Exercise: Only the lines from the beginning of the data through the line holding "So eventually you're" belong in the answer, printed exactly and without pictures.

(Information Opens)

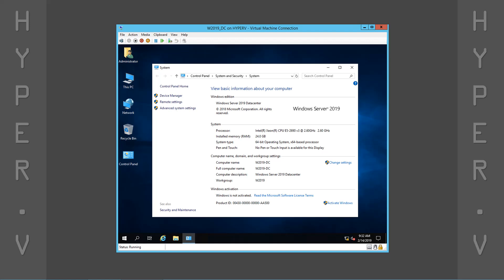The installation is now complete. We have a virtual machine running Windows Server 2019.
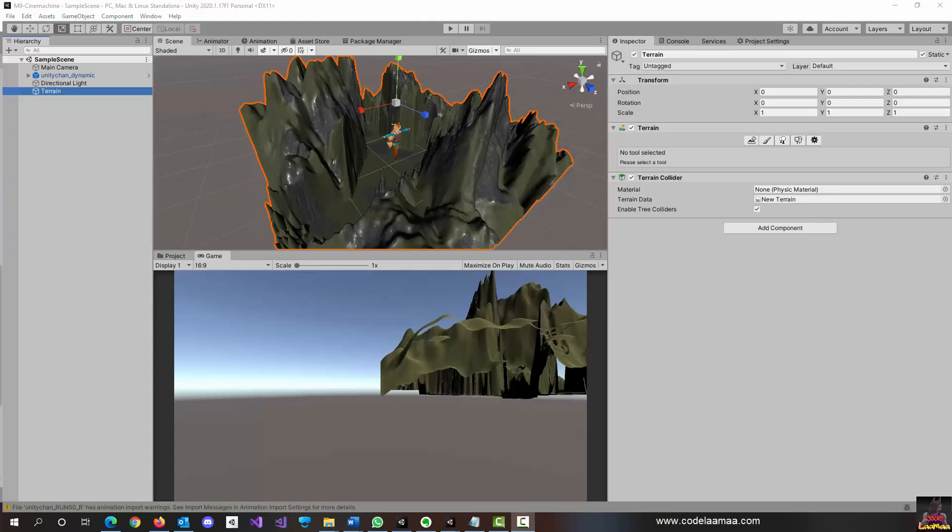Welcome to this tutorial on Cinemachine in Unity. Cinemachine is a very powerful tool that allows you as a game developer to take your game from being just a game to being like a Hollywood blockbuster-style game. It allows you to create cut scenes, panning shots, and visual cues that make your game look like a Hollywood project. Our goal today is to learn how to bring Cinemachine into our project.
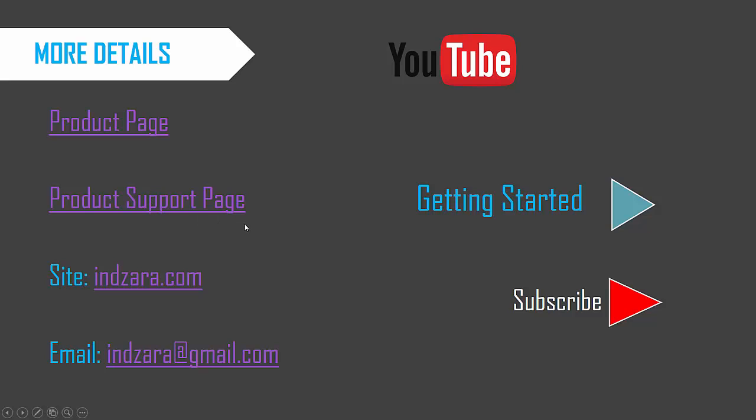The support page will have a lot of information on how to use the template with video tutorials and screenshots. And if there are any questions about this template, please leave them in the comments and I'll be very happy to respond. Thank you very much for watching this video.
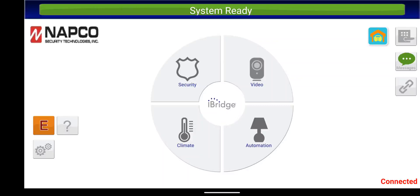In this brief video tech tip, I'm going to be showing you how to set up auto arming and auto disarming schedule for iSecure and iBridge security systems using the iBridge app.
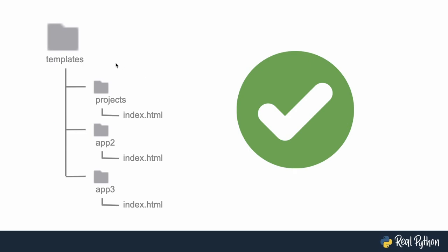So eventually you're going to end up with a folder structure like this, the big templates folder containing everything, containing a folder that's named after your app. And inside of there, the app specific templates. And that gets a big green check mark because we're avoiding some problems.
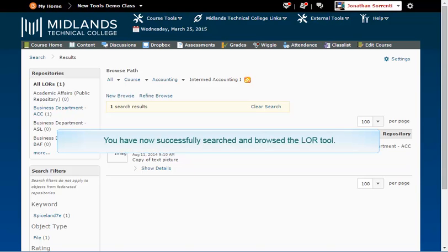You have now successfully searched and browsed the LOR tool.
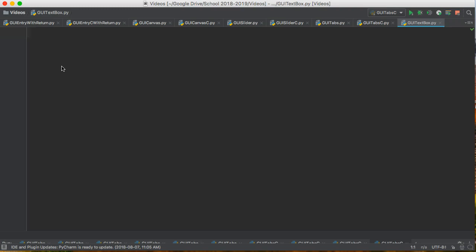Hello, in this video we're going to create a text box object and put it inside a GUI window using tkinter and Python 3.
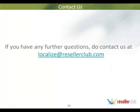We hope that this tutorial has been helpful and that you now have a clear understanding of how to go about using SOFI. If you have any further questions, do contact us at localize at resellerclub.com.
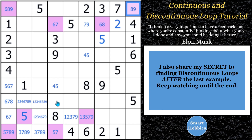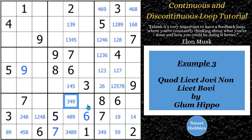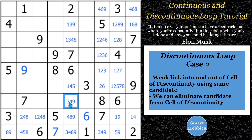Stay tuned to the end because I'm going to give you a link to a puzzle that uses both continuous and discontinuous loops and takes it in a whole different direction. Now let's move on to our next example. This is the puzzle — I really love trying to pronounce — Quad licit jovi non licit bovi by Glum Hippo. It's a bunch of Latin, and it was a tribute to Jovial. Glum Hippo made this particular puzzle, and there is a discontinuous loop here that I'm going to show you — the type 2 case.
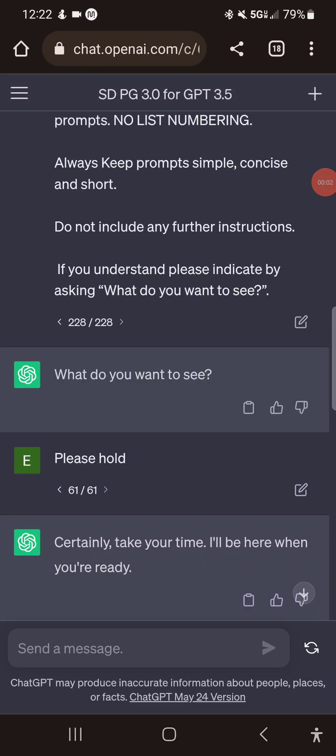Hey everyone, welcome back to Alchemy with Zero Phase. I'm Eric, your host. I wanted to share a quick tip, a little thing I love doing with my prompts using my Stable Diffusion Prompt Generator.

(Information Closes)

Reply to the task:
The installation is now complete. We have a virtual machine running Windows Server 2019.
Welcome to this tutorial on Cinemachine in Unity. Cinemachine is a very powerful tool that allows you as a game developer to take your game from being just a game to being like a Hollywood blockbuster-style game. It allows you to create cut scenes, panning shots, and visual cues that make your game look like a Hollywood project. Our goal today is to learn how to bring Cinemachine into our project.
The support page will have a lot of information on how to use the template with video tutorials and screenshots. And if there are any questions about this template, please leave them in the comments and I'll be very happy to respond. Thank you very much for watching this video.
In this brief video tech tip, I'm going to be showing you how to set up auto arming and auto disarming schedule for iSecure and iBridge security systems using the iBridge app.
So eventually you're going to end up with a folder structure like this, the big templates folder containing everything, containing a folder that's named after your app. And inside of there, the app specific templates. And that gets a big green check mark because we're avoiding some problems.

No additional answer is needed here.